Last year’s winner of the Cannes award for screenwriting, Lee Chang-dong’s Poetry is the story of one women’s yearning to see the beauty of life and finding that often it’s only to be found in its blackest tragedies. Mija (Yun Jung-Hee), a sixty-five year old woman, is caring for her grandson in a tiny apartment of the edges of a city when simple aches and pains lead to the discovery of a serious health problem. Having seen a poster for a local adult education class in poetry writing, and recalling a teacher once predicted she’d one day become a poet she decides to enroll. In the midst of this she also discovers that her grandson has done something unthinkable, and that the reactions of others to these events ranges from the nonchalant to the wildly self interested. Bewildered by the conspiracy of these conflicting crises, Mija must reach an understanding of what must happen now and learn to see the beauty of life in all its ugliness so that she can finally write her own poem.

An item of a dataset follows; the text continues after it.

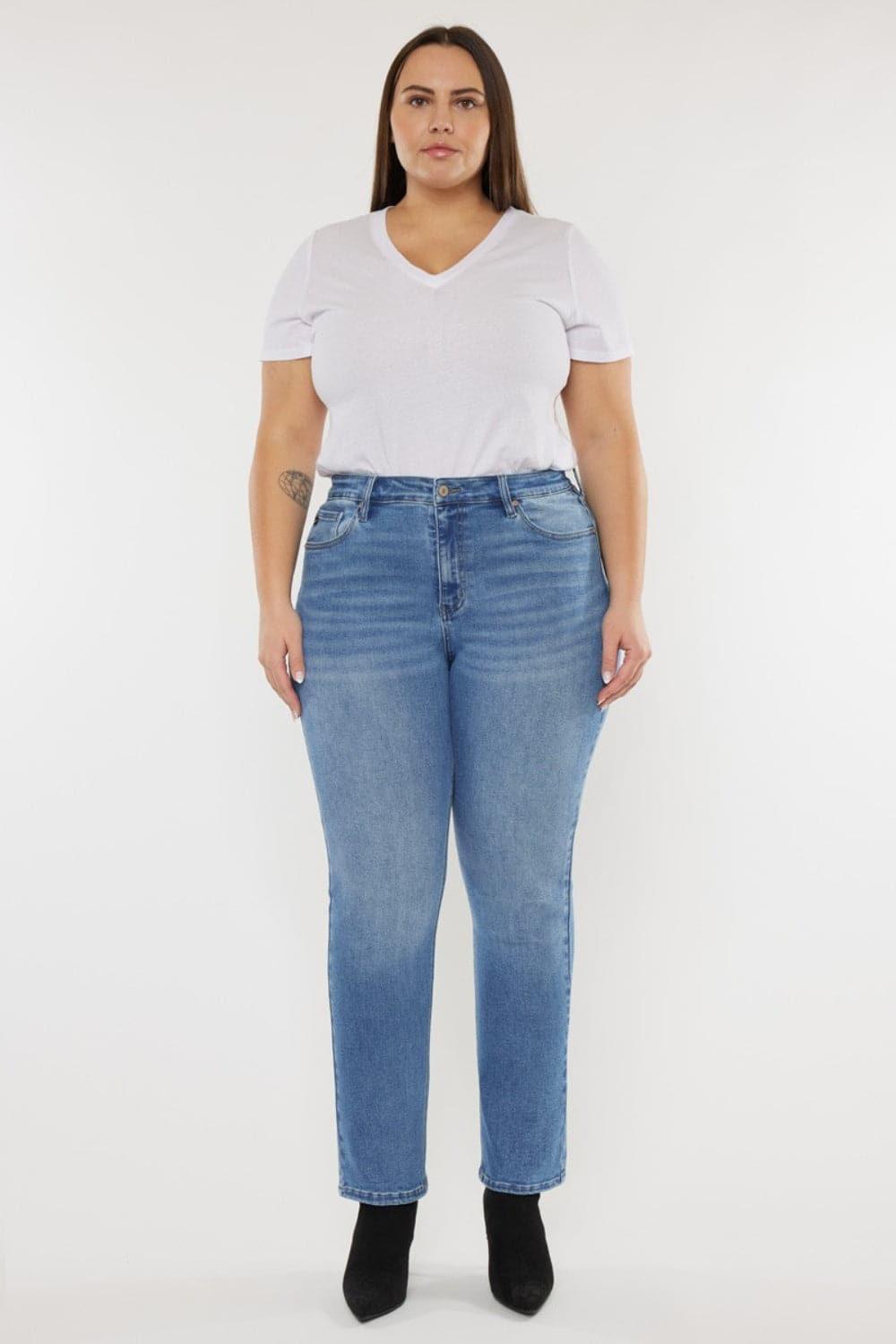 Kancan Full Size Cat's Whiskers High Waist Jeans - SwagglyLife Home & Fashion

Although it has a gentle melancholy, Poetry is not quite as depressing as it sounds and is in the end deeply beautiful. Yun Jung-Hee’s performance is breathtaking, never straying too far into melodrama she keeps a film that might have become overwrought firmly rooted whilst allowing the audience to totally empathise with her character. It’s no wonder that this won the screen writing prize at Cannes last year as it’s incredibly well written and hugely literate.

Poetry is a beautiful film that everyone would benefit from seeing. It’s a real shame that this is the first of Lee Chang-Dong’s films to be released in the UK, hopefully it won’t be the last!